The second half performance dipped slightly, but Ryan still finished with a very impressive stat line in a much-needed victory for Miami.
And then he embraced his roots and became a Dolphin.
Ryan Tannehill is the QB for the @MiamiDolphins. He may also be an actual dolphin. http://t.co/fv27UAU1bL pic.twitter.com/o6eRS90sHp
— NFLonCBS (@NFLonCBS) October 19, 2014
1) Von Miller (2 tackles, 2 sacks)
Wow, three straight games with two sacks.
Von did his thing on a national stage, posting another impressive statistical night en route to the top position among NFL sack leaders. With 8.0 sacks through six games, Von is on track to match or perhaps exceed his ridiculous productivity prior to last season's injury-shortened campaign.

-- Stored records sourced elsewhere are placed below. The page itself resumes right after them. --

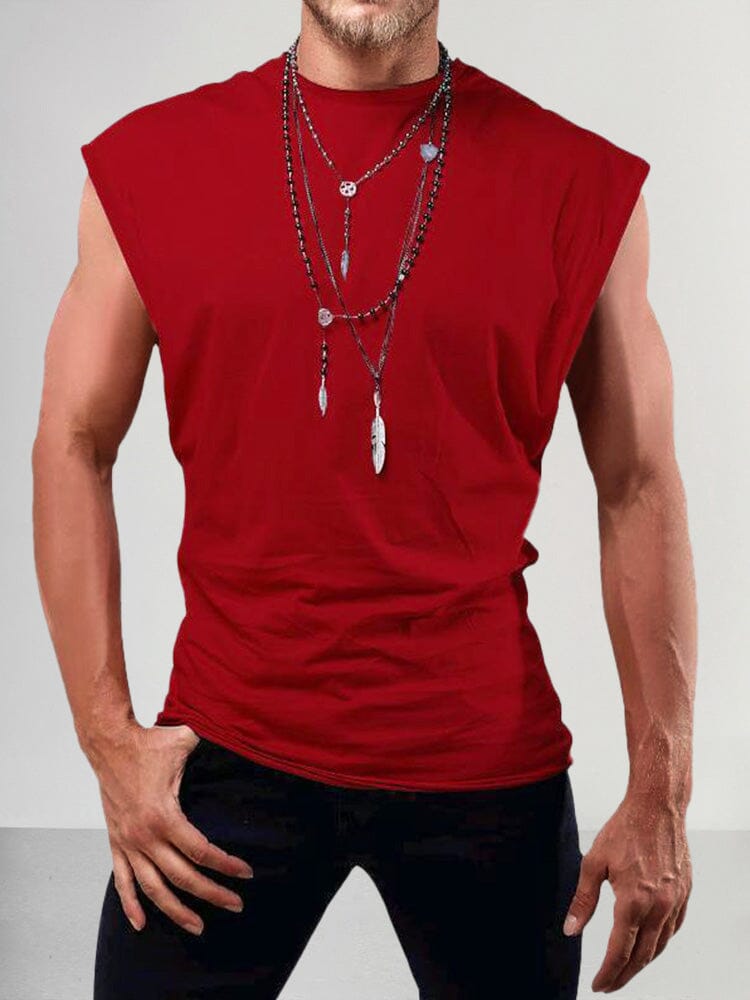 Casual Soft Workout Tank Top Tank Tops coofandy Red S 
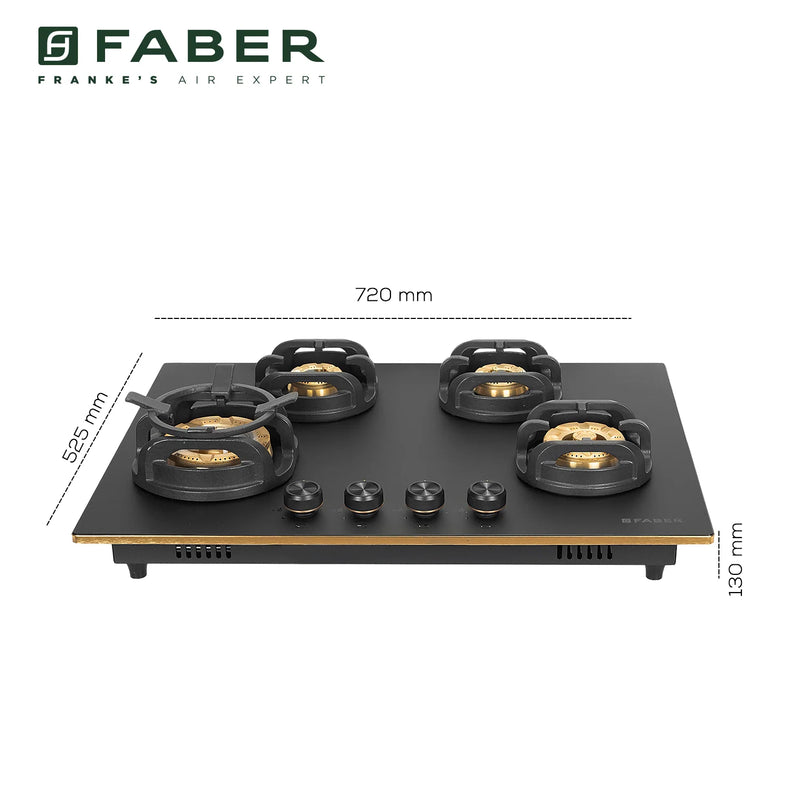 Faber Verona IND HD-724 CI FFD AI 72 cm Built-In Gas Hob – 4 Brass Burners, Flame Failure Safety & Auto-Ignition-16
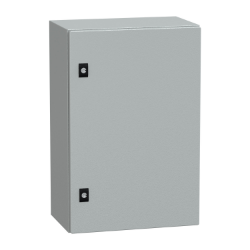 Slika Razvodni orman metalni V600xŠ400xD250 IP66 IK10 RAL7035 bez montažne ploče Spacial CRN Schneider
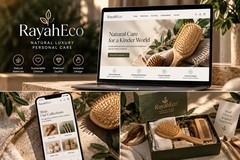 RayahEco – Natural Luxury Personal Care E-Commerce Website
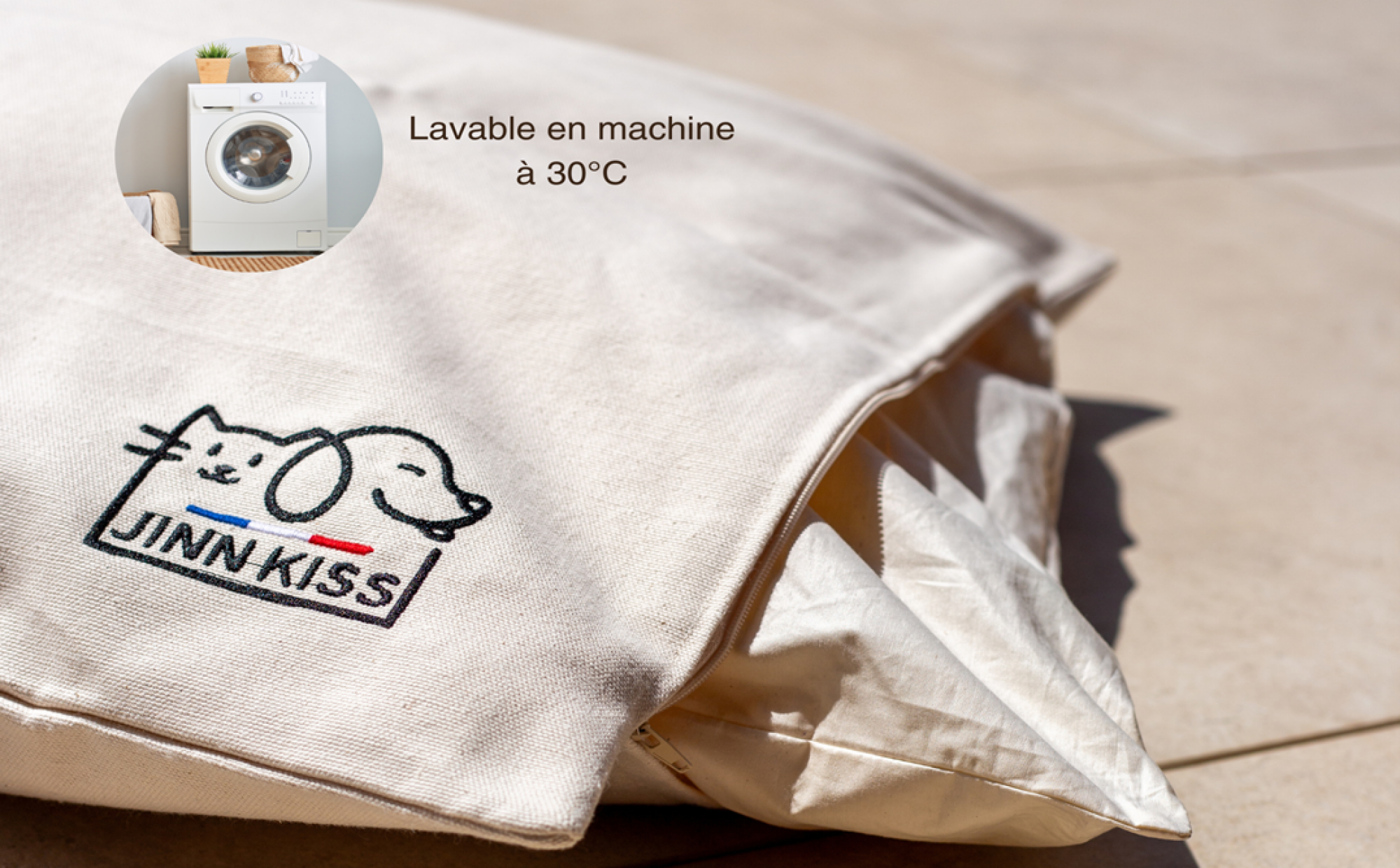 Coussin Pouf Jinnkiss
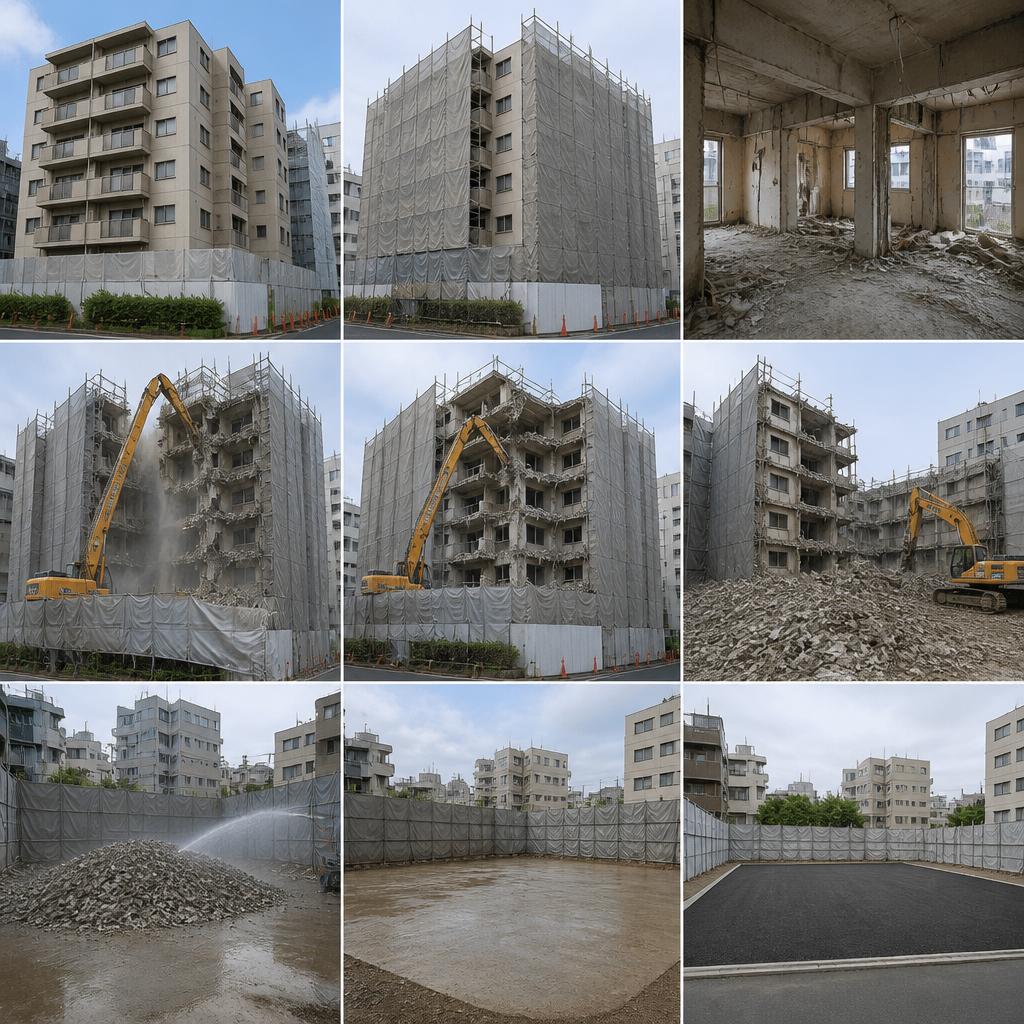 マンション解体のプロセス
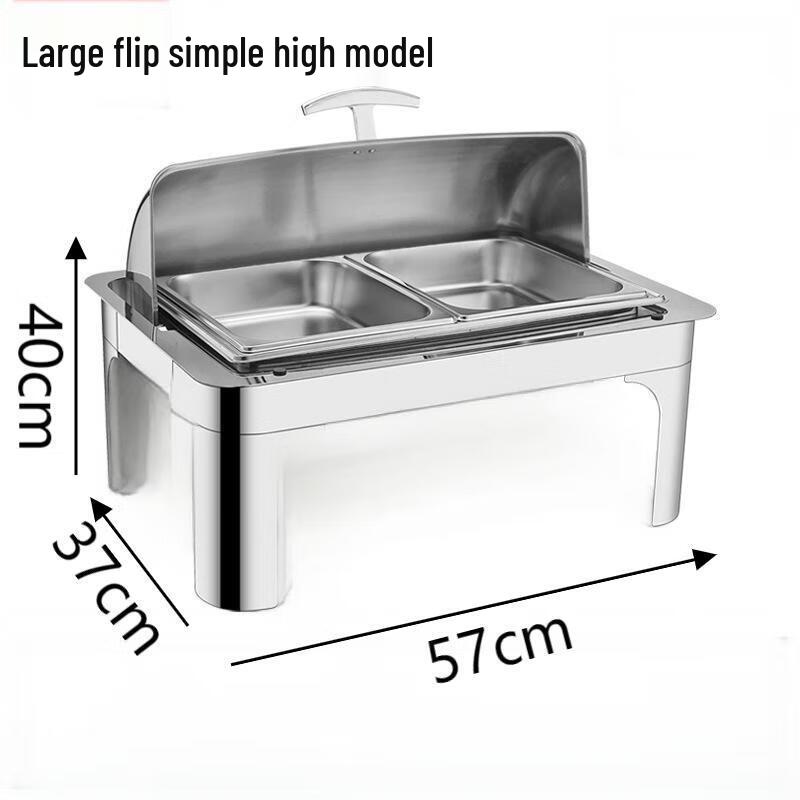Tianze 201 Stainless Steel Double Buffet Chafing Dish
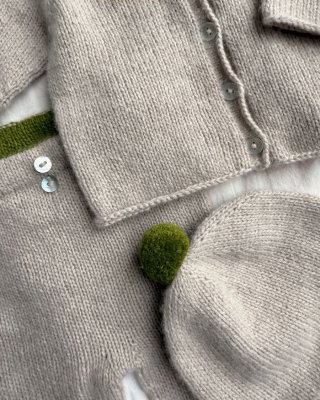 Zoom bild av cleo baby set petiteknit
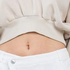 Soft V-Neck Cropped Sweatshirt
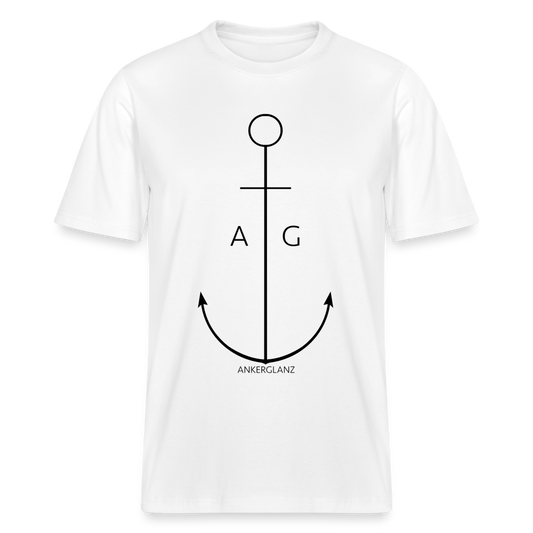 Mädels Bio-T-Shirt | THIN ANCHOR - Weiß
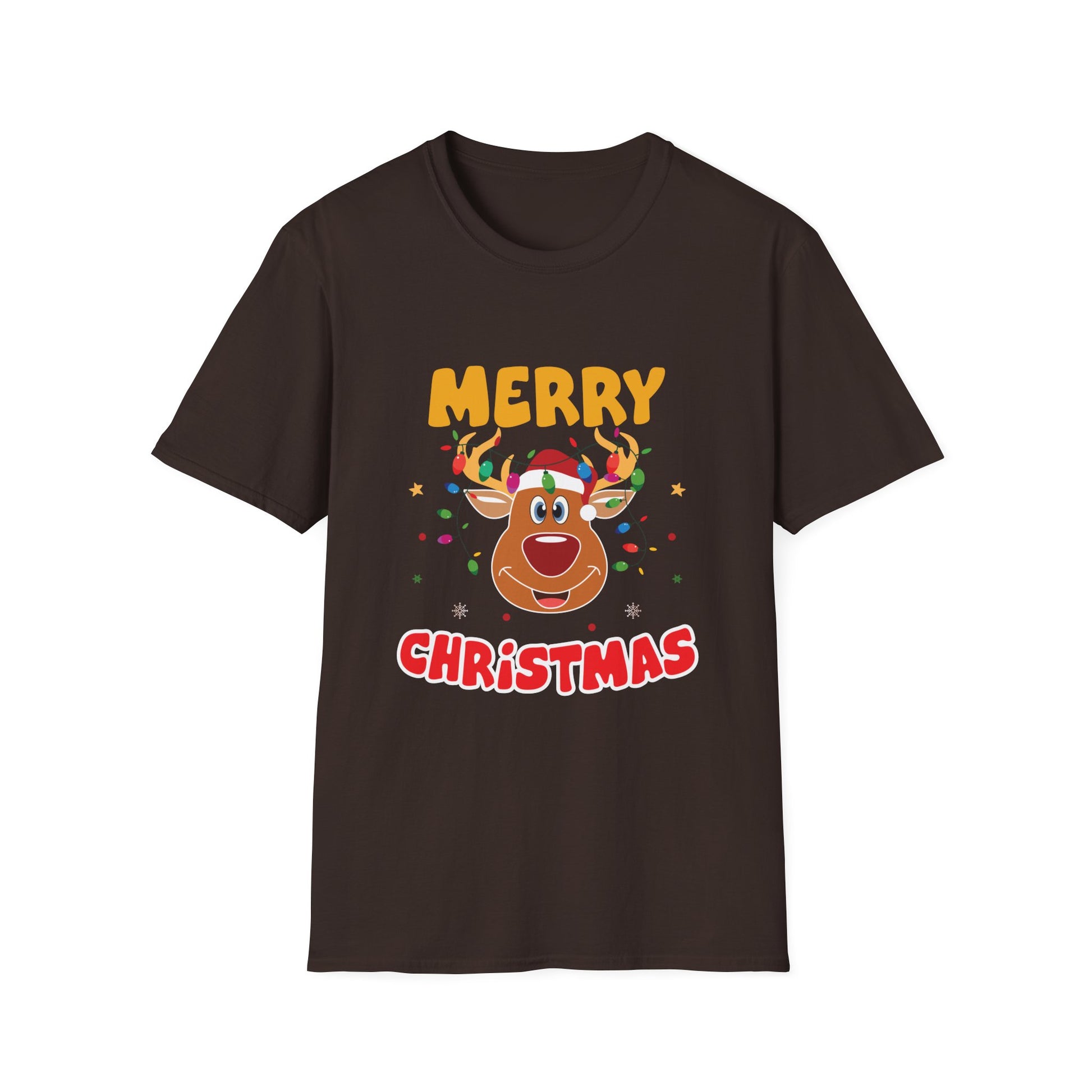 Christmas Reindeer T-Shirt — Merry Christmas Cute Holiday Tee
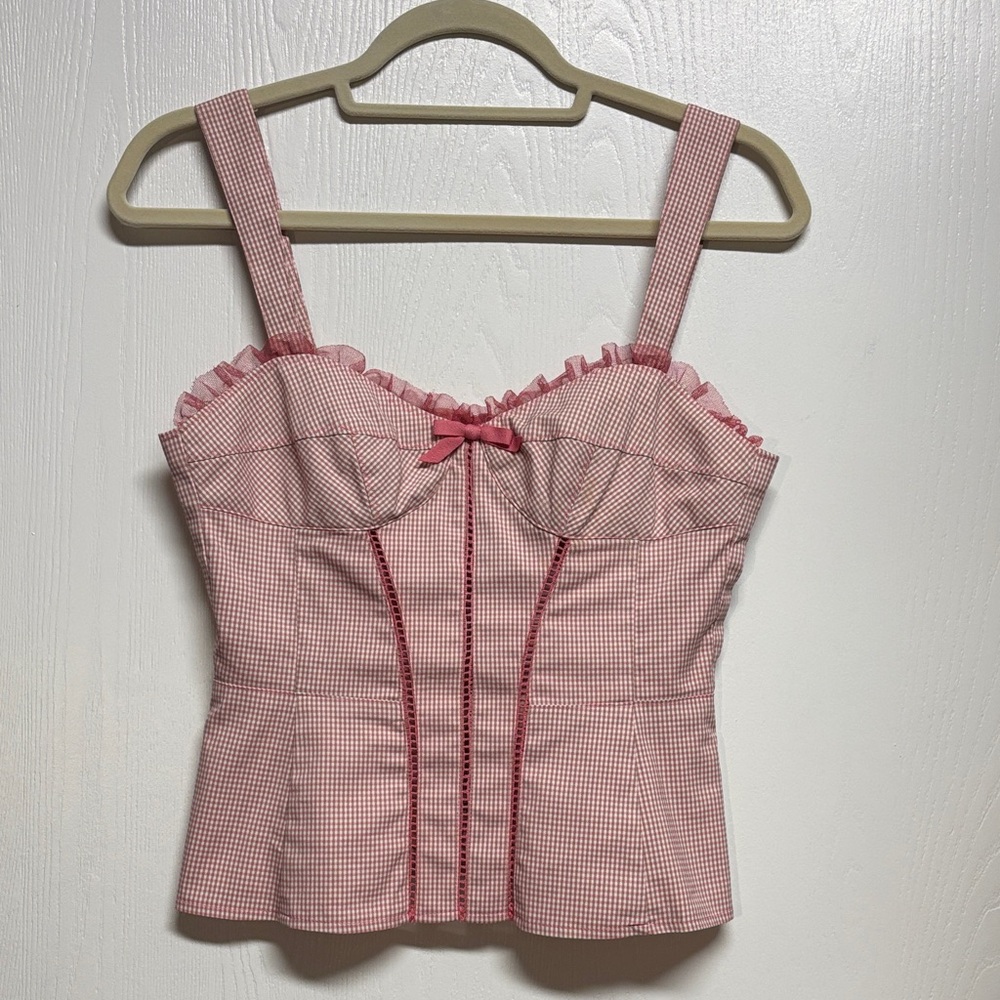 Nanette Lepore Corset / Bustier in Pink Gingham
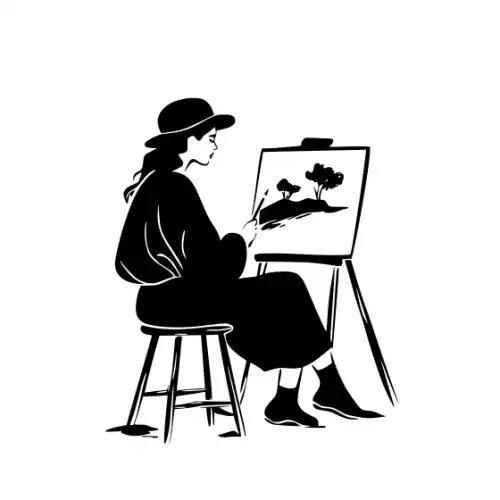 Artist Woman Silhouette SVG Design | SVG Files for Cricut & Print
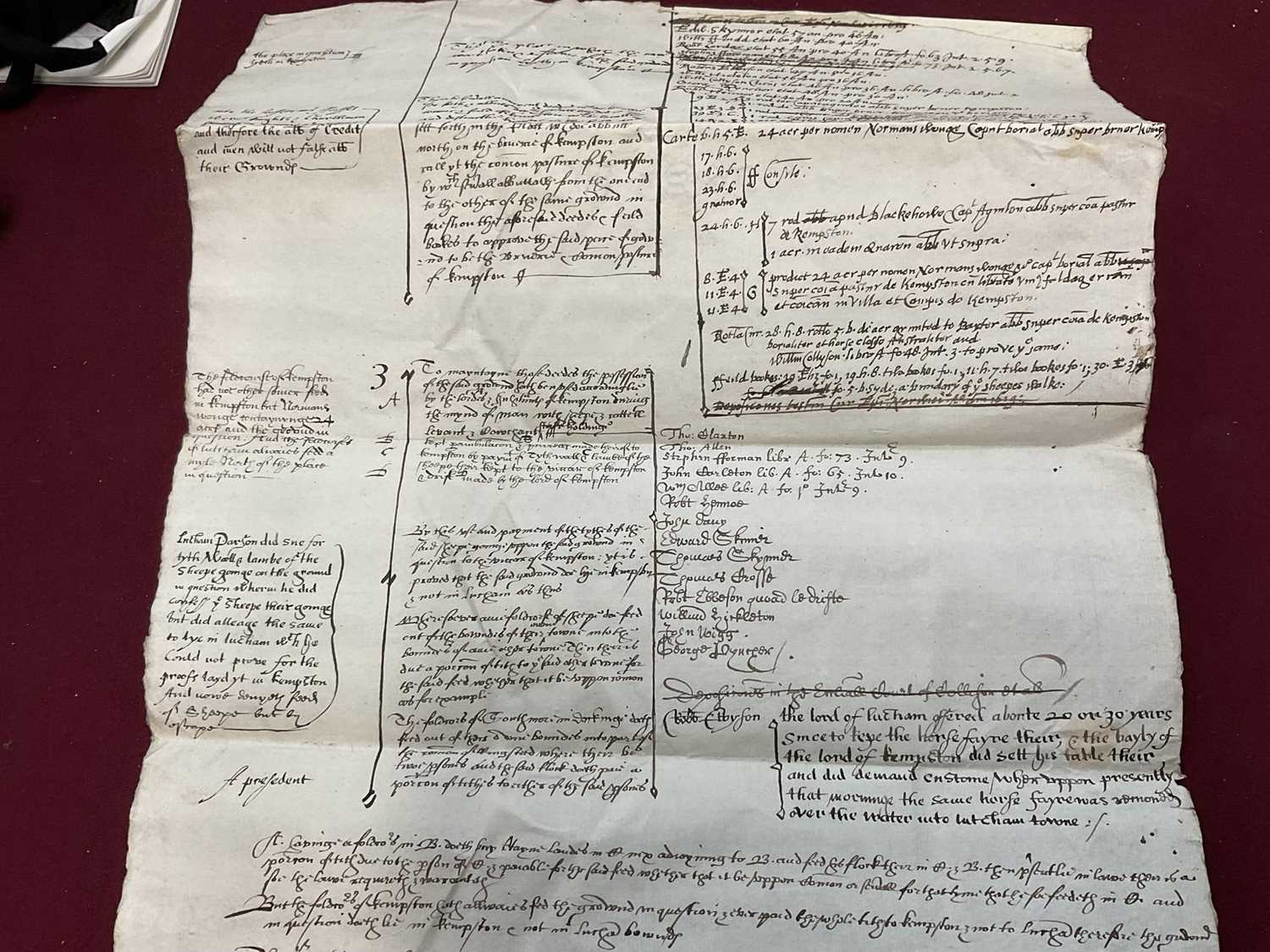 Of Norfolk and Sir Edward Coke (1552-1634) interest: Large archive of indentures on vellum and paper - Image 57 of 73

Von Miller is now leading the NFL with 8.0 sacks and playing lights-out run defense. You'd never know he's coming off ACL surgery.
— Around The NFL (@AroundTheNFL) October 20, 2014
With Damarcus Ware flying around the other edge and Peyton's offense forcing the opposition into obvious comeback passing situations, there appears to be no stopping America's favorite sack dancer.